Palace of the Soviets by Boras Iofan (1932)
What is it?
Michael Gurr wrote an opinion article in The Age recently condemning the Footscray Station Precinct development by SJB and McBride Charles Ryan as Stalinist. “If the communist bloc still existed, Footscray’s apartment buildings are what their security headquarters would look like. These buildings are big, grey and black… [without] a kind line in them. They seem to refuse human involvement.”
Disturbingly and inexplicably, Gurr widened his attack to encompass the entire architecture profession. Comparing us to owners of vicious attack dogs and methamphetamine dealers, he claimed we’re the bad guys, the real bad guys.
Offended by Gurr’s non-specific vitriol but wishing to remain constructive, we wrote into The Age with a letter of rebuke. The letter was published the next day, its full text reading as follows:
Michael Gurr’s criticism of recently built Footscray apartment buildings is fair and reasonable, relying as it does on his first hand negative experience of their impact. His attack on the entire architecture profession as a result of this one development is both unwarranted and unsubstantiated. On the back of one poorly written novel, would he dismiss every author everywhere?
Architects are not the bad guys Gurr makes us out to be. We believe in humane experiences within the urban environment and work hard to achieve them. We fight against a vast array of interests aligned against this aim, from developers wanting to make a quick dollar, to neighbours crying NIMBY, to builders wanting to build as cheaply as possible, to planning regulations that discourage innovation. On larger projects, we take on the unpopular and improbable role of attempting to reconcile every competing aim presented by these diverse interests, and are in too many cases the only ones at the table interested in a quality outcome that improves the built environment.
I suggest Gurr delve more deeply into the processes behind building developments around Melbourne before he starts throwing stones.
While we are happy to leave Gurr’s personal taste undisputed (despite any credible connection between the pompous monumentality of Stalinist architecture and the activated streets and articulated facades of the Footscray Station Precinct) we could not leave unchallenged his clearly misguided understanding of the procurement processes behind most large scale developments. He pleads for us to sit down at a development meeting and “say something radical such as, ‘Let’s build something friendly. Let’s build something the neighbourhood might like'”. We wish architects had the power to steer large developments with nothing more than a suggestion. The sad truth of our era is that, sitting at the table with the developer, project manager and builder, we often have the smallest voice.

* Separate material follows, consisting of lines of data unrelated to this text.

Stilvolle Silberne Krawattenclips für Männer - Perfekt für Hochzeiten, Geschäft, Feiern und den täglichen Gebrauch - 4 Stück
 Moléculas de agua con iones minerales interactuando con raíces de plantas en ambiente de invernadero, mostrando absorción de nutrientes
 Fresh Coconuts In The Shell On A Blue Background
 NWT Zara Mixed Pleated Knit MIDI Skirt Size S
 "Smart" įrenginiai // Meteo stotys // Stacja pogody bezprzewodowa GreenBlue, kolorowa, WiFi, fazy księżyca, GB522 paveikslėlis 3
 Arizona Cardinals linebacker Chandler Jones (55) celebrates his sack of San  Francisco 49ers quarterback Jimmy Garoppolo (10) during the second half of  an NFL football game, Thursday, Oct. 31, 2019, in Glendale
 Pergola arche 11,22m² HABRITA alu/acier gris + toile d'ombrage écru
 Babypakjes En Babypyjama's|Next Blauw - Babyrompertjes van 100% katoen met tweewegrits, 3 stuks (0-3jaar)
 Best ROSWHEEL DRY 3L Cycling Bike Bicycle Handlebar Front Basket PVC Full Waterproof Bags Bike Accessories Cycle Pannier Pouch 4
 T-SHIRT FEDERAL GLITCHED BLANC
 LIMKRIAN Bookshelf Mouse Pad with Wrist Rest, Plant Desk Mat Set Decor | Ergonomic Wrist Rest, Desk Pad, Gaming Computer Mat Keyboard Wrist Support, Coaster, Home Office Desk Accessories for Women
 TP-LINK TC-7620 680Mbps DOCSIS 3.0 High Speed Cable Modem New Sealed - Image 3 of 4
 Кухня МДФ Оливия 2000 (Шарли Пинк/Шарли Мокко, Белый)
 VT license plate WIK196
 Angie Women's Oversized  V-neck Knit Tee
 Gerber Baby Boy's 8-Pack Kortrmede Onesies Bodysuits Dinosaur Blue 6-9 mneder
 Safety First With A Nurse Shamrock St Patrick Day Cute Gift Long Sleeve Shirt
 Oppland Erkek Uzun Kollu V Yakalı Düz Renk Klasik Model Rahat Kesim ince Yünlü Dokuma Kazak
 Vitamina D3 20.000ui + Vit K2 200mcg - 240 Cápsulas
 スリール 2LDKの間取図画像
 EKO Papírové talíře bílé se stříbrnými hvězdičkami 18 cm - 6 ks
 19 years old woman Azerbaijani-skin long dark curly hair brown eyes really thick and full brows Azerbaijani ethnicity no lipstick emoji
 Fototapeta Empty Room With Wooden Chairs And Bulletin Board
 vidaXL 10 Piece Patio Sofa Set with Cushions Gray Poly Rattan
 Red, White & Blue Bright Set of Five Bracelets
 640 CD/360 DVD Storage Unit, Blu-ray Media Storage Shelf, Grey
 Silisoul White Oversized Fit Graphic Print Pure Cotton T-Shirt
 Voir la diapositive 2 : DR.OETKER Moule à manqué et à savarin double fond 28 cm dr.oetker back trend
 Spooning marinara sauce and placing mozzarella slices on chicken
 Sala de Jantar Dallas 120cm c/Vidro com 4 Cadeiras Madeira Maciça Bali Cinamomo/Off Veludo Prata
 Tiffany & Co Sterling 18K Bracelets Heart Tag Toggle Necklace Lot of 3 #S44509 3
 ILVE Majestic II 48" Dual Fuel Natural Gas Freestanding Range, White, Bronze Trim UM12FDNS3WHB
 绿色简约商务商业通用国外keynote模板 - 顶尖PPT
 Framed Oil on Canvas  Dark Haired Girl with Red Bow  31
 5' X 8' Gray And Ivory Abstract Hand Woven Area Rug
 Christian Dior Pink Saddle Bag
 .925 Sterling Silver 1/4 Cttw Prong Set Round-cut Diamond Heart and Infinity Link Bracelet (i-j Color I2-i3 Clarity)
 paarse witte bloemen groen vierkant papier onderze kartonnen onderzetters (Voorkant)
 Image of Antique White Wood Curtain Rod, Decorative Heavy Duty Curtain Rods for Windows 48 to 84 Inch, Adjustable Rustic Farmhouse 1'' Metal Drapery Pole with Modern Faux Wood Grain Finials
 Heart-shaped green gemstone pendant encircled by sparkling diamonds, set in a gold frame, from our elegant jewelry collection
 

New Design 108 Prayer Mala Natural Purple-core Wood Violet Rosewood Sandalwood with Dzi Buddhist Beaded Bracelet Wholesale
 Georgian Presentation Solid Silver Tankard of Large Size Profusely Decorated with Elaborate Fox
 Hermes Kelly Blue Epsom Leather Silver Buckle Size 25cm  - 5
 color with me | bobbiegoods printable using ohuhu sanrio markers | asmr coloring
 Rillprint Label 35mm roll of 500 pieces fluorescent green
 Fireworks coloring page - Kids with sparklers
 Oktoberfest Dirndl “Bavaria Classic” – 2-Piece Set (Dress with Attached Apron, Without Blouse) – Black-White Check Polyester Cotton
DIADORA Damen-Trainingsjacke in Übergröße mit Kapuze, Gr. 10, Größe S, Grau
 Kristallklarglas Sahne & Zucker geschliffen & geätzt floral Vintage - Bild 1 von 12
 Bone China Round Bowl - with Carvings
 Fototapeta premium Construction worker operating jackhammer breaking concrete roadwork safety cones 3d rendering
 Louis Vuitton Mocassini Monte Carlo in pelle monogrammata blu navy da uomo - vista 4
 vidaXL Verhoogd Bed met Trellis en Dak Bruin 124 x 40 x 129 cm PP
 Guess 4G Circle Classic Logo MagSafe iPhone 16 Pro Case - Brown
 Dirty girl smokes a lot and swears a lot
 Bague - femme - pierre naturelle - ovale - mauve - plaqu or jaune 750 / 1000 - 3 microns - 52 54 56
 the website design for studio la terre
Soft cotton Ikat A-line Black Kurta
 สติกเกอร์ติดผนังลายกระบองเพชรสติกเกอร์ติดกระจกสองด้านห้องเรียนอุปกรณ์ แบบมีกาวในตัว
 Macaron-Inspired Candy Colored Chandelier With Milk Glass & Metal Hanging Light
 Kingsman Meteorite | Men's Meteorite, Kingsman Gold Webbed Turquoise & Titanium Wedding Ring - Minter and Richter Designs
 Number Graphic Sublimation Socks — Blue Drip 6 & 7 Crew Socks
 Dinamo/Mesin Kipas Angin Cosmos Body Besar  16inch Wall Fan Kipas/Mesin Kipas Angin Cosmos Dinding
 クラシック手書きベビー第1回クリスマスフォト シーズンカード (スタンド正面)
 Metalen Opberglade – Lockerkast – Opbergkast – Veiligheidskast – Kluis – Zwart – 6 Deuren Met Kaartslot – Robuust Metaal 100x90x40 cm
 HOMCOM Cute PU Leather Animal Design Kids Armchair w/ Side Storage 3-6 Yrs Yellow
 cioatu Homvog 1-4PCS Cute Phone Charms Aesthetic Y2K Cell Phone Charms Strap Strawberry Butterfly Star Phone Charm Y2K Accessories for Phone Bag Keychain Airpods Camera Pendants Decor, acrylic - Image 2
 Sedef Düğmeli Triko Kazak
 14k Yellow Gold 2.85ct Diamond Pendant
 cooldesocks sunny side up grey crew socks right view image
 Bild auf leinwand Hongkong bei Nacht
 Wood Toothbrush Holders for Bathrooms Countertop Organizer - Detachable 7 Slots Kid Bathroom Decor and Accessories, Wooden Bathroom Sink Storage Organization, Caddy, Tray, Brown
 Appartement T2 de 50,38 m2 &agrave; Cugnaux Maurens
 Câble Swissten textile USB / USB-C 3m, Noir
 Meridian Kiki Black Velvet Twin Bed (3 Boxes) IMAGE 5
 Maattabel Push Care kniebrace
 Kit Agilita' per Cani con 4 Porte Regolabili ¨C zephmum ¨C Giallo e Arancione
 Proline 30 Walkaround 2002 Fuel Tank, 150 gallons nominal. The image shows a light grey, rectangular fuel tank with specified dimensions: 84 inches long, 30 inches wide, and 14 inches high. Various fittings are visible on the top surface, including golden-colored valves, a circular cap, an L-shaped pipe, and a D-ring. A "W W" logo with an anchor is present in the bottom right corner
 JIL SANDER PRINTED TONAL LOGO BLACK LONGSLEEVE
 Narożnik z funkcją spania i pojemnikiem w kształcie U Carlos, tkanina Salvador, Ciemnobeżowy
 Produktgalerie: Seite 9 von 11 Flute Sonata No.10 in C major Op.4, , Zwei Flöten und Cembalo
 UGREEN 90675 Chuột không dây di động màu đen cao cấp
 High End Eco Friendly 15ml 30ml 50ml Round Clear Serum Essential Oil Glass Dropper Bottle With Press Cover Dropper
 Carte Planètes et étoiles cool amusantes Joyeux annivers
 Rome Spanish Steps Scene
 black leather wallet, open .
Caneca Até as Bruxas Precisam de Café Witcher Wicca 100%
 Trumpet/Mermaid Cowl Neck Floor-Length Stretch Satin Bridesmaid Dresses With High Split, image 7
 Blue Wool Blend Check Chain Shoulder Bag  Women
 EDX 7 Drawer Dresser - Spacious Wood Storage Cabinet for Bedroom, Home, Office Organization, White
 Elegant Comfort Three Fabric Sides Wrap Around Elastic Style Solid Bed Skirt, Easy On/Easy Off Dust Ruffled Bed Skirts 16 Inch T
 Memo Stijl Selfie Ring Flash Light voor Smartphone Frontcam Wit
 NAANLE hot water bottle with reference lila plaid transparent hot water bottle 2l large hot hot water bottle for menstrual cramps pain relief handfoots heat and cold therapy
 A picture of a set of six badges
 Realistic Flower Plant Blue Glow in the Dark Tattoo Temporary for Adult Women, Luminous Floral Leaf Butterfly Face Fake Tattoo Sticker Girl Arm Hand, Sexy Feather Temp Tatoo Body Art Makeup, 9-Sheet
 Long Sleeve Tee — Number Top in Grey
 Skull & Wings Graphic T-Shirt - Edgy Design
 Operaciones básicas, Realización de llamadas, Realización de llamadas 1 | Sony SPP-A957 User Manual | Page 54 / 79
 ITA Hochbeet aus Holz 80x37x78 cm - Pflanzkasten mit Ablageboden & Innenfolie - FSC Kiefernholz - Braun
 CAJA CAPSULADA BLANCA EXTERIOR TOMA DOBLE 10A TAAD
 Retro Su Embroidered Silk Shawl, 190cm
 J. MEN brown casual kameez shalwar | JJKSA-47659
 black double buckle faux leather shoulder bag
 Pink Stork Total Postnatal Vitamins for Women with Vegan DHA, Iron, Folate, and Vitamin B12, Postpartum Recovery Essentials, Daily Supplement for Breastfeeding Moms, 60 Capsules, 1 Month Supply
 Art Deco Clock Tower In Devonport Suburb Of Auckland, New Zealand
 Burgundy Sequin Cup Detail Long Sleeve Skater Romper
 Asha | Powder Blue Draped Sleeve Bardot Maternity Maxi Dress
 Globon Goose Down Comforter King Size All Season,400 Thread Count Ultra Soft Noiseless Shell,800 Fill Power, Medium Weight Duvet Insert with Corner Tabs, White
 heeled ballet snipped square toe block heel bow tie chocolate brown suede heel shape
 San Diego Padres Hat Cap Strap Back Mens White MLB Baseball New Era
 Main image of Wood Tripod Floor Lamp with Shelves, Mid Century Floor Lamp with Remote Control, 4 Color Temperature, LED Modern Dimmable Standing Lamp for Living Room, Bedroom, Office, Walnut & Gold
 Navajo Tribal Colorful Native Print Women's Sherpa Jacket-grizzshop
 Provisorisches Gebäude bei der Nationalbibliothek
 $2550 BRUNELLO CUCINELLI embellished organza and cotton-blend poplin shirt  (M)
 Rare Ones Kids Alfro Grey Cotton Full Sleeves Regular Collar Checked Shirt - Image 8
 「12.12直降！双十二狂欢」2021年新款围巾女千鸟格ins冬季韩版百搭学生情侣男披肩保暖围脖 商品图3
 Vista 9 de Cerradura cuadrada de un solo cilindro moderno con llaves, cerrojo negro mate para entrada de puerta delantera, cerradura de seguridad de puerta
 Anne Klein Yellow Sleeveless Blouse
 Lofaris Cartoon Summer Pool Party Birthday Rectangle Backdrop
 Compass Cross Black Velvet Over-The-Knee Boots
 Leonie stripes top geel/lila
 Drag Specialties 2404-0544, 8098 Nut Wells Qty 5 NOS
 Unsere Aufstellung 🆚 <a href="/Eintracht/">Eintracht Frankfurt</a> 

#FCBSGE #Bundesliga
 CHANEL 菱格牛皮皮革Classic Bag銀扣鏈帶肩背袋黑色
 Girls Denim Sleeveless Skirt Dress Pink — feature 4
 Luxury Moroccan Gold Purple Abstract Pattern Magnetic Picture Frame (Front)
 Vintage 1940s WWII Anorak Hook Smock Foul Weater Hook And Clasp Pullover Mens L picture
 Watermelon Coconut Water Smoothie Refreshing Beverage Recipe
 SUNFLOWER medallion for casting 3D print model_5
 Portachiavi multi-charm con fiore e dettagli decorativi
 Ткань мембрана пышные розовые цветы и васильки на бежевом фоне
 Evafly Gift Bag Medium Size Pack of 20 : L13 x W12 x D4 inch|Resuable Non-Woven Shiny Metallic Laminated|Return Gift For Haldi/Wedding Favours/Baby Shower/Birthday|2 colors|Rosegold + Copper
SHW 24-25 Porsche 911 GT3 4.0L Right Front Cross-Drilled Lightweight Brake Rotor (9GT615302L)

Ultimately, Gurr’s opinion article raises three separate though related concerns: first and foremost, that architects do not unfortunately enjoy the unchallenged authority he attributes to us; second, that such a misinformed, incendiary article defaming our entire profession could have even be published; and third, that the best rebuttal our community could muster was the above short letter.
As already elaborated in a past article here, where was the Australian Institute of Architects on this issue? Why did our representative body once again leave us all to our own devices to defend ourselves?